Fachliche Aussagen, die gesundheitsbezogene Werbung betreffen, müssen mit wissenschaftlichen Erkenntnissen belegt werden (BGH, Urteil vom 07.05.2017, Az. I ZR 29/14). Lässt sich die gesundheitsbezogene Wirkung eines Produktes nicht mit wissenschaftlichen Erkenntnissen belegen, liegt eine Irreführung vor (OLG München, Urteil vom 04.05.2023, Az. 29 U 458/22; LG Stuttgart, Urteil vom 11.01.2021, Az. 37 O 40/20 KfH).

Die Rechtsprechung hat Kriterien entwickelt, was beim Beleg von gesundheitsbezogenen Werbeaussagen durch Studien zu beachten ist (sog. Grundsatz der Zitatwahrheit).

Ein Verstoß gegen den Grundsatz der Zitatwahrheit ist gegeben, wenn die Werbeaussage auf Studien gestützt wird, die diese Aussage nicht tragen. Das ist der Fall, wenn die angeführte Studie den Anforderungen an einen hinreichenden wissenschaftlichen Beleg nicht entspricht. Das gleiche gilt, wenn die Studie selbst von abweichenden Studienergebnissen spricht oder die Werbeaussage gar nicht für bewiesen hält. Irreführung liegt auch dann vor, wenn die Studie nur eine vorsichtige Bewertung der Ergebnisse vornimmt, die Werbung diese Einschränkung aber nicht widerspiegelt (BGH, Urteil vom 06.02.2013, Az. I ZR 62/11).

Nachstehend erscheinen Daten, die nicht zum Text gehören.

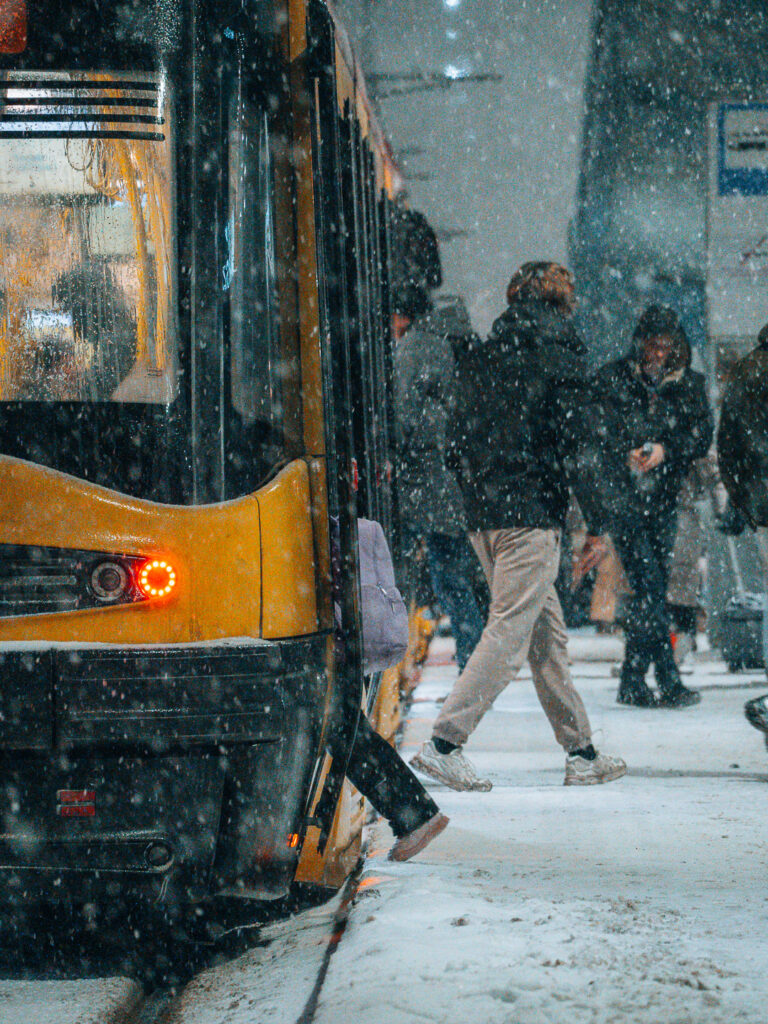 People entering and leaving a tram.
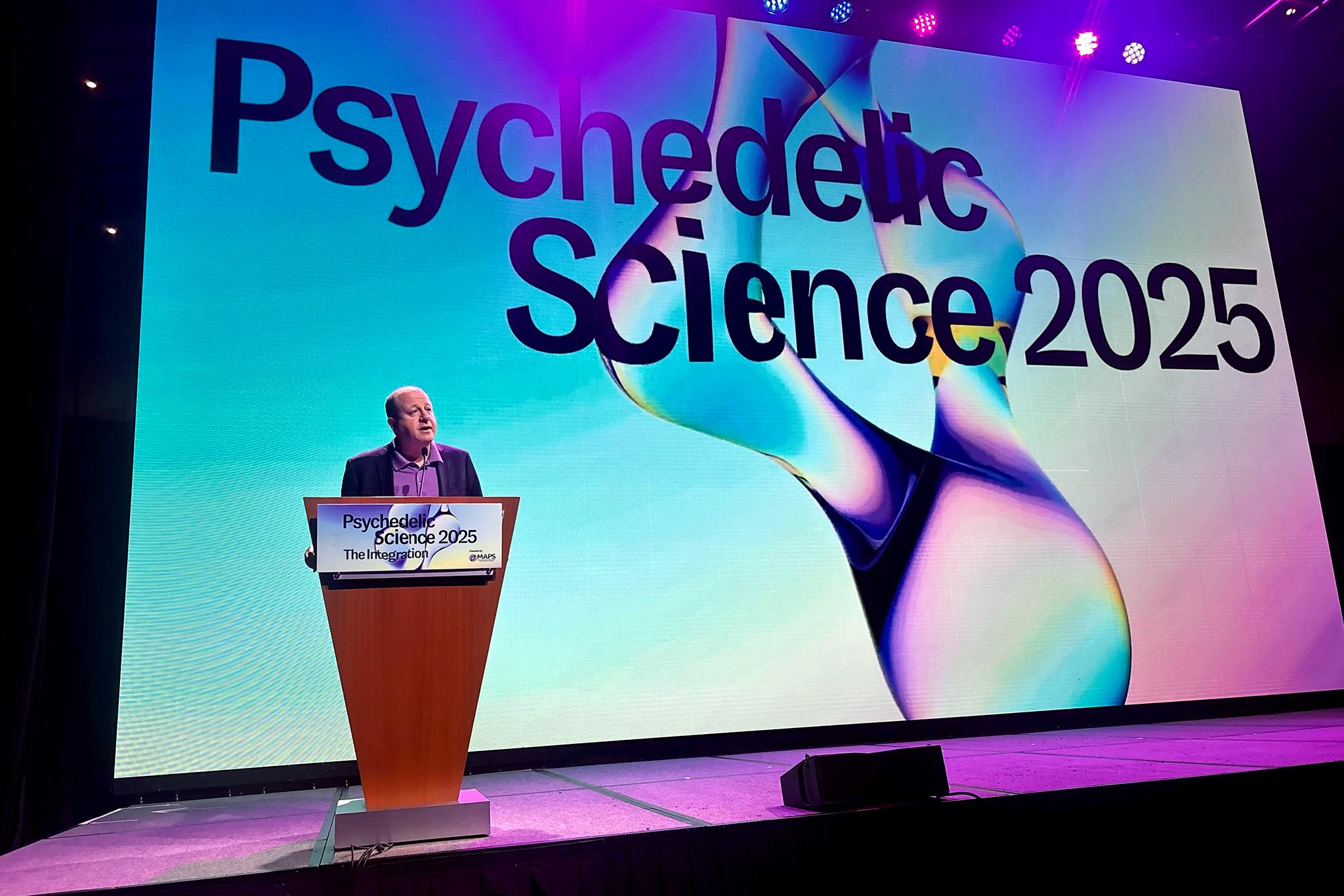 Gov. Jared Polis speaks a the 2025 Psychedelic Science Conference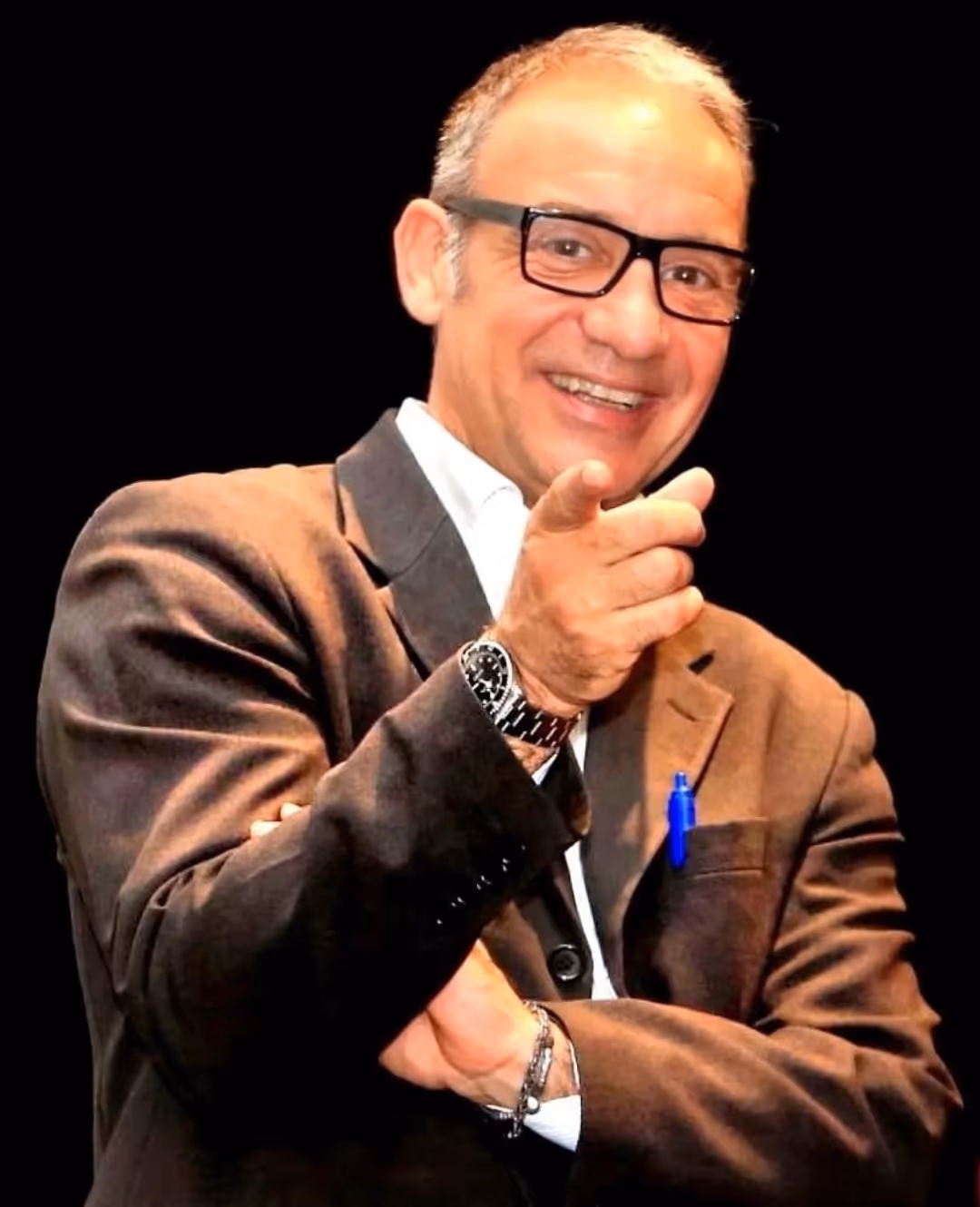 Smiling person at Festival di Spoleto, gesturing enthusiastically on stage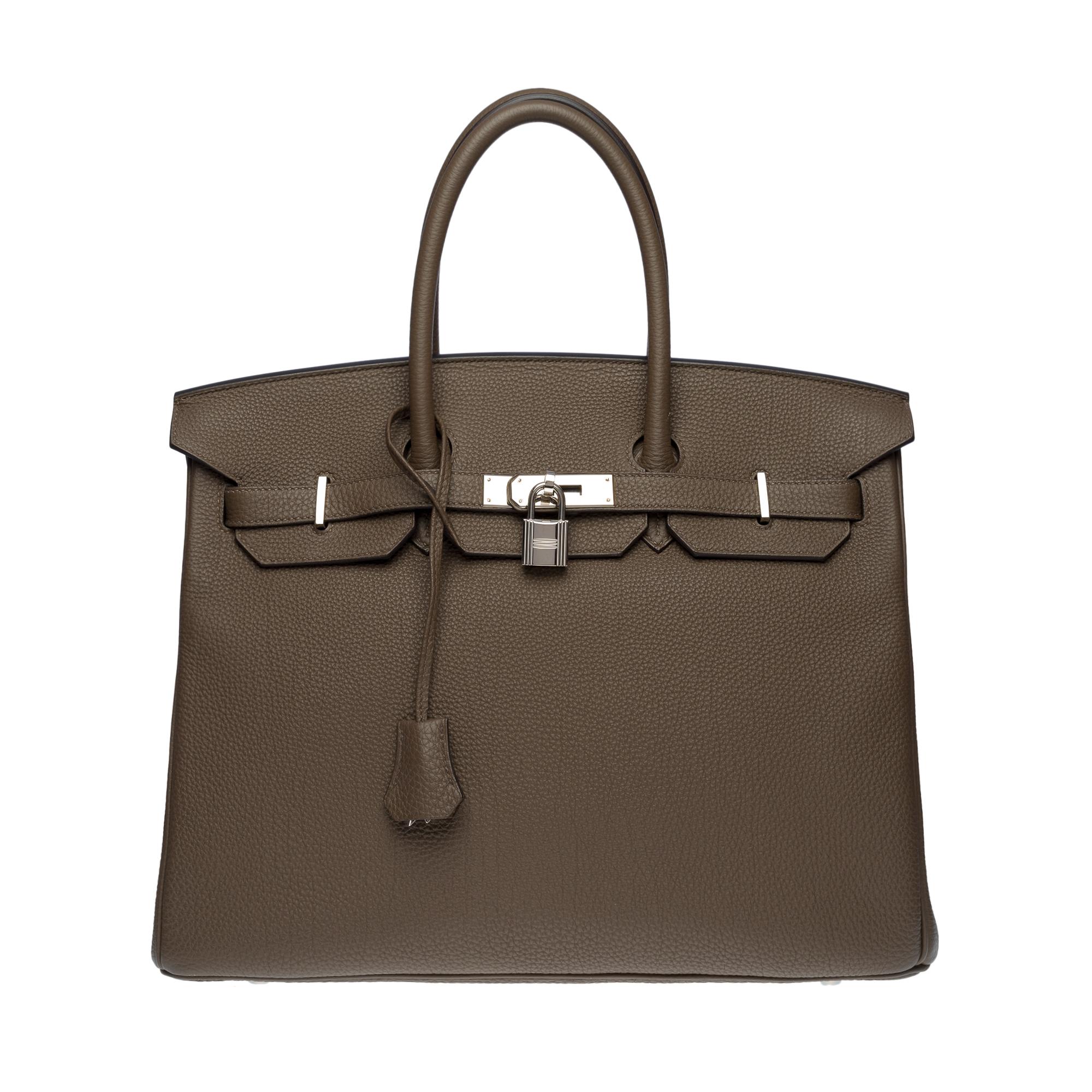Exquisite & Rare Hermes Birkin 35 handbag in Gris Elephant Togo leather , Palladium Silver Metal hardware, double handle in grey leather for hand carrying

Flap closure
Inner lining in grey leather, one zippered pocket, one patch pocket
Signature:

Beispiel: Wurde zwar belegt, dass ein Umfeld aus Zirbenholz, bestehend aus einem Zirbenholzzimmer und einem Zirbenholzbett, positive Auswirkungen auf Probanden hatte, das fragliche Produkt allerdings ein Zirbenholz-Raumspray ist, liegt Irreführung im Sinne des § 5 UWG vor (OLG München, Urteil vom 04.05.2023, Az. 29 U 458/22).

Die Darlegungslast und Beweislast dafür, dass kein wissenschaftlicher Beleg für die gesundheitsbezogene Aussage vorliegt, liegt grundsätzlich beim Kläger, der auf Unterlassung der Werbung klagt (Kammergericht, Urteil vom 03.12.2024, Az. 5 U 9/24). Ausreichend für eine Umkehr der Darlegungs- und Beweislast ist, wenn der Kläger darlegt und beweist, dass der Beleg, auf den sich der Werbende stützt, die Werbeaussage nicht trägt oder eine tragfähige wissenschaftliche Grundlage fehlt (OLG München, Urteil vom 04.05.2023, Az. 29 U 458/22). Eine Umkehrung der Darlegungs- und Beweislast kommt ebenfalls in Betracht, wenn der Werbende mit einer fachlich umstrittenen Meinung geworben hat, ohne die Gegenmeinung zu erwähnen. Der Werbende übernimmt in einem derartigen Fall dadurch, dass er eine bestimmte Aussage trifft, die Verantwortung für die Richtigkeit, die er im Streitfall auch beweisen muss. Ob die beanstandete Aussage wissenschaftlich umstritten ist, muss wiederum vom Kläger dargelegt und bewiesen werden. Eine entsprechende Umkehr der Darlegungs- und Beweislast gilt, wenn der Kläger darlegt und nachweist, dass nach der wissenschaftlichen Diskussion die Grundlagen, auf die der Werbende sich stützt, seine Aussage nicht rechtfertigen oder sogar jegliche tragfähige wissenschaftliche Grundlage für die Behauptung fehlt (BGH, Urteil vom 06.02.2013, Az. I ZR 62/11Basisinsulin mit Gewichtsvorteil; BGH, Urteil vom 05.11.2020, Az. I ZR 204/19Sinupret; Kammergericht, Urteil vom 19.06.2015, Az. 5 U 120/13).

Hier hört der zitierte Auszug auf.